# Question regarding Flaperons/Flaps In B109s



## drat (Nov 25, 2005)

Hi,
Im new to this board, and this is my first post. I've searched high and low for some detailed information regarding flaperons used in the Bf109s. How they worked, how they were operated ect. Also I cannot find any information for the life of me regarding operation of flaps for the 109s. Namely the G and K variants. Did they have combat flaps? And if so what speeds could they be lowered at?

This search is driving me up the wall. I've found information on the net in the past couple days, but it has been in german, and well, I can't read in german.  

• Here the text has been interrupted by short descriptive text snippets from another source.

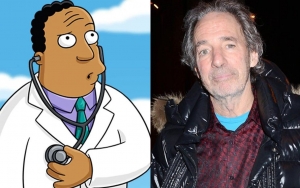 'The Simpsons' Recasts Dr. Hibbert's Voice Actor Harry Shearer After Vowing to Properly Cast Actors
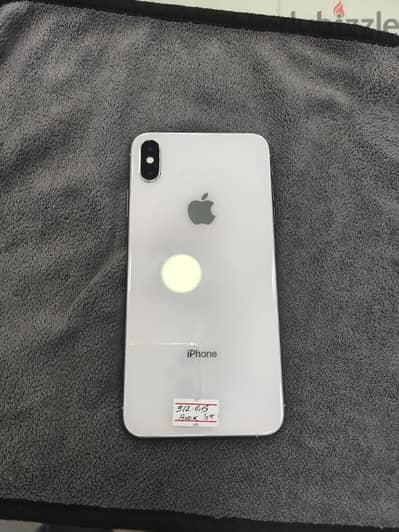 iPhone XS Max  512 GB only face ID not working mobile before not open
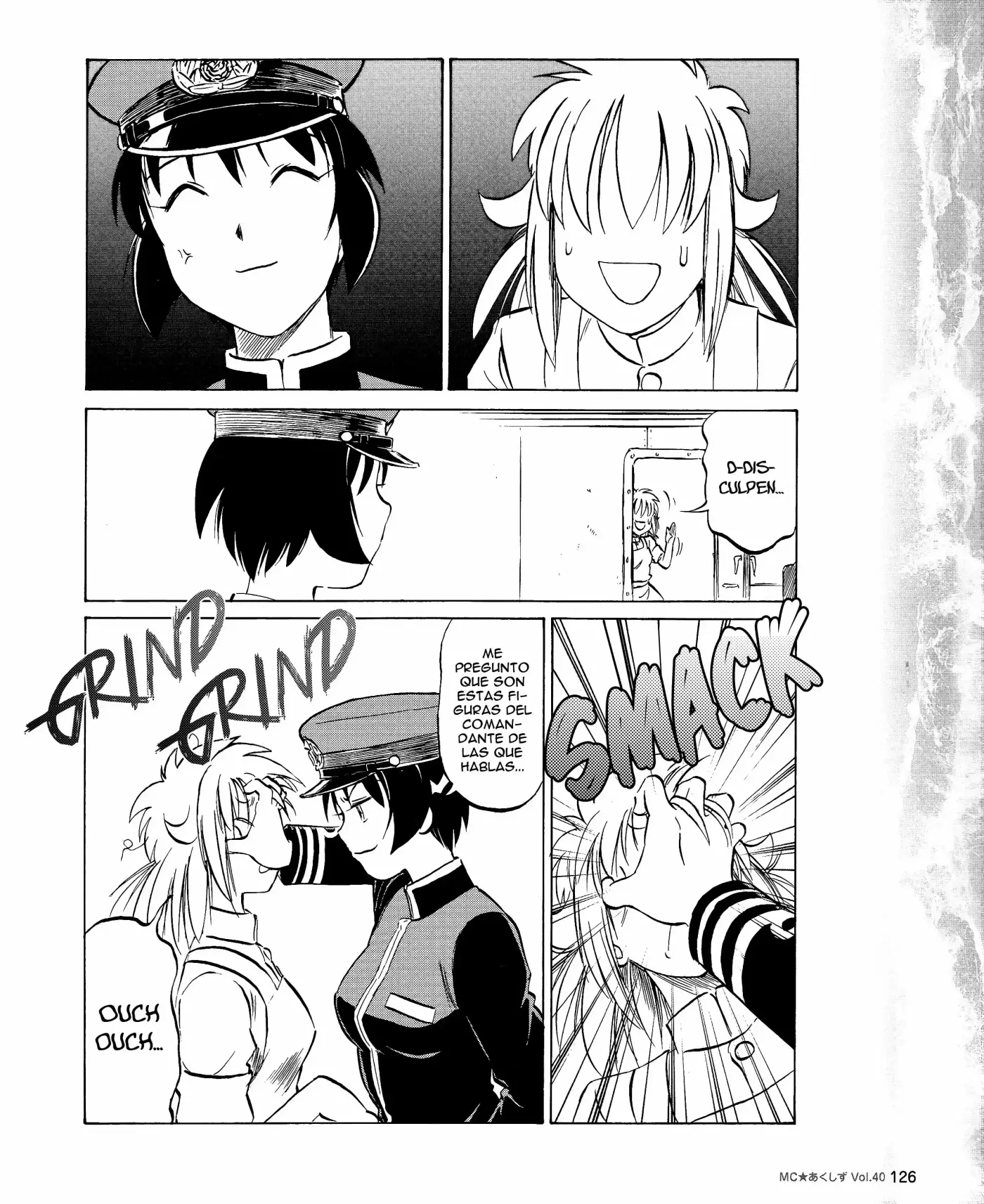 Kurogane Pukapuka Tai (2006) - Capítulo 40 - Página 12 - LectorTMOo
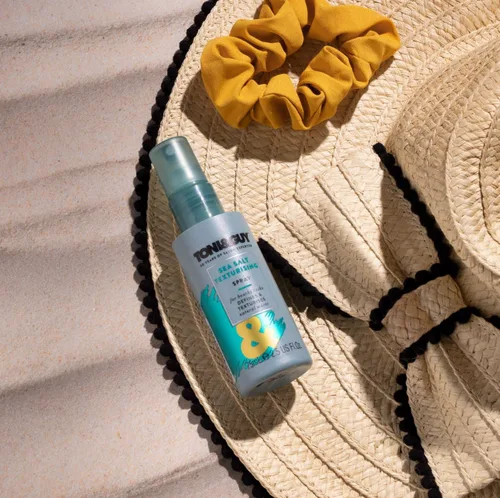 Vista 6 de Toni & Guy Protección contra el calor, rocío, 5 oz líq.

If anyone has any iformation on these topics I would be greatly appreciative. 

Also, pictures would be helpful as well. 

Like I said, I've searched high and low, including this sight and just cant find anything. So I am sorry I this topic has been touched on before and I just havent found it. 

TYVMIA. 
drat


----------



## JCS (Nov 25, 2005)

Theres several German speaking members here, if you post the documents you have in the multiligual forum I'm sure someone would translate it for you.


----------



## drat (Nov 25, 2005)

Thanks I found out how to translate the german to english and it turns out it wasnt what I was looking for. So Im still in desperate need of the above mentioned information. If anyone can help... I would really apreciate it. 

Thanks again


----------



## KraziKanuK (Nov 26, 2005)

The flaps in the 109 were lowered by the wheel in the cockpit (on the left beside the seat). The other wheel is for the stab trim. The flaps could be lowered to any angle. The flaps did not have a flap position called 'combat' like on the P-51. As can be seen in the graph, they could be lowered 10 deg @ 800kph. This is for the E but is applicable for the other models.

Here is the graph for the degree of lowering vs speed.
http://img41.imagevenue.com/img.php?loc=loc31ℑ=471_109_Flap_deploy_speeds.jpg

Be quick for the poster does not leave them up for long.


----------



## DerAdlerIstGelandet (Nov 26, 2005)

Good info there.


----------



## drat (Dec 5, 2005)

thank you very much.


----------



## drat (Dec 5, 2005)

Hey Krazi, you dont happen to have a source on that chart do you? It would be helpful to me is all. 

Thanks again


----------